### PROBLEM TO WORK ON:
Exact copy, no pictures: reproduce the lines from the one that holds "Sail Life –" through the end of the entries.

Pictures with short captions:
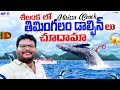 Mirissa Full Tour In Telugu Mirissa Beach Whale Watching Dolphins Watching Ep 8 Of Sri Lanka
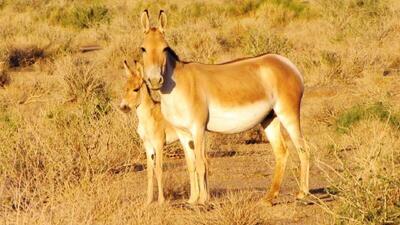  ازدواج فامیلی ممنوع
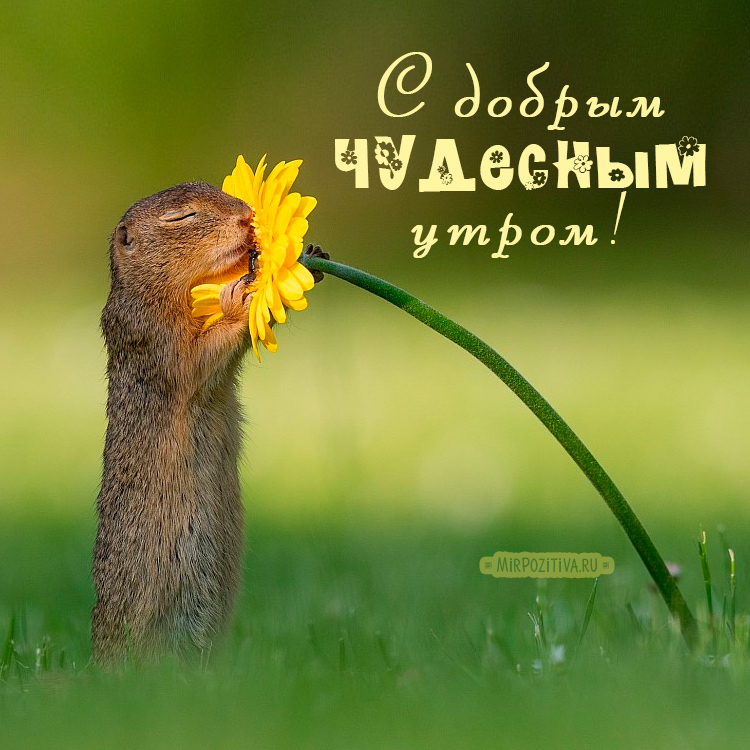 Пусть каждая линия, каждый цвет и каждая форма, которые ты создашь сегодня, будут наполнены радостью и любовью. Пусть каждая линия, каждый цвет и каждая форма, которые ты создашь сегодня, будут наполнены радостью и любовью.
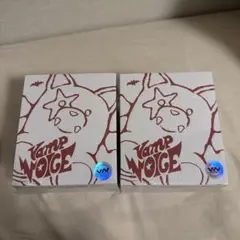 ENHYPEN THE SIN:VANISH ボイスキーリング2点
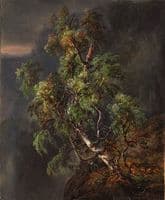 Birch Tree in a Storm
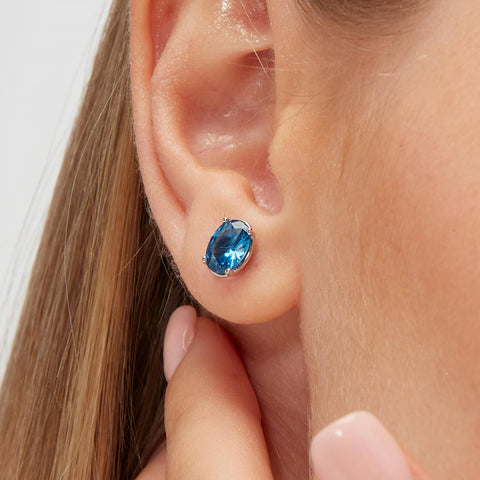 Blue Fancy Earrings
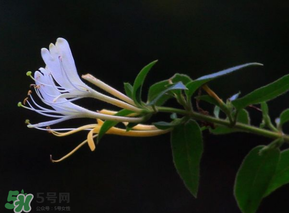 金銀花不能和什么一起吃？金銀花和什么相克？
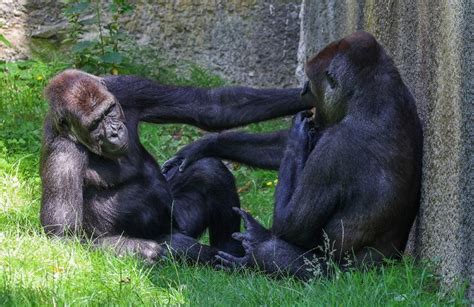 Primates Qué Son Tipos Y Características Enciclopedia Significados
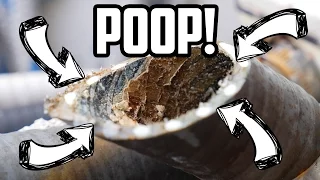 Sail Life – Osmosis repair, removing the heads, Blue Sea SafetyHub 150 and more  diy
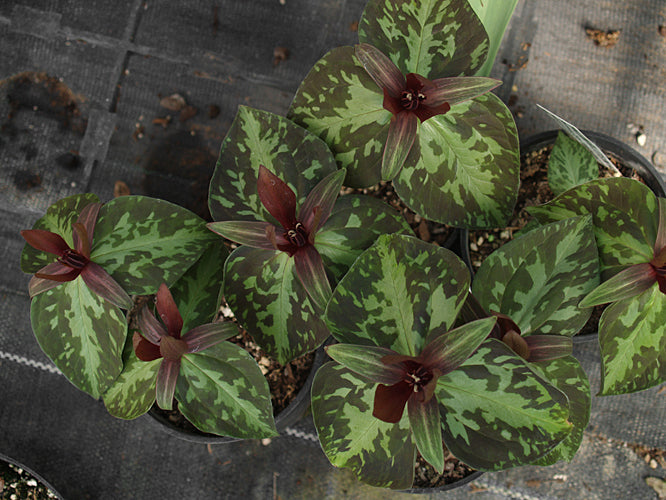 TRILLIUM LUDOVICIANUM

### EXERCISE SOLUTION:
 Sail Life – Osmosis repair, removing the heads, Blue Sea SafetyHub 150 and more  diy
 TRILLIUM LUDOVICIANUM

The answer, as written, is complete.